Definitely use a carefully sanitized bottling bucket.

Briefly boil a pint of water on your stovetop, along with your priming sugar. Cover and allow to cool until it can be handled. Toss it into your bottling bucket, than rack from your secondary into the bucket. Place the siphon tube in the bottom of the bucket so it doesn't splash, and the swirling action of the beer will help evenly distribute the sugar solution.
 
It's best to use a priming solution (your priming sugar dissolved in some boiling water) and then rack the beer into the bottling bucket with the tip of the tubing in a circle on the bottling bucket bottom, so the beer swirls to mix with the priming sugar.

A couple of reasons why I wouldn't bottle from the carboy:
1. The point of the secondary is to clear the beer. If you add the priming solution to it, you'll stir it all up and defeat the purpose of the secondary.
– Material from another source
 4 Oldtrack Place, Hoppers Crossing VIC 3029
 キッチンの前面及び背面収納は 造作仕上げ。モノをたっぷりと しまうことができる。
2. Bottling with a siphon is a PITA. The bottling bucket with a bottling wand is super easy and simply gravity at work. It would be hard to keep the tip of the siphon above the trub as you tried to siphon and fill bottles.

3. More even carbonation occurs when the priming solution is dissolved and racked into the bottling bucket, especially with different sized bottles.

4. Bulk priming in the carboy would cause uneven carbonation and probably some aeration of the beer unless you primed each bottle individually.

5. Priming each bottle individually is a PITA also.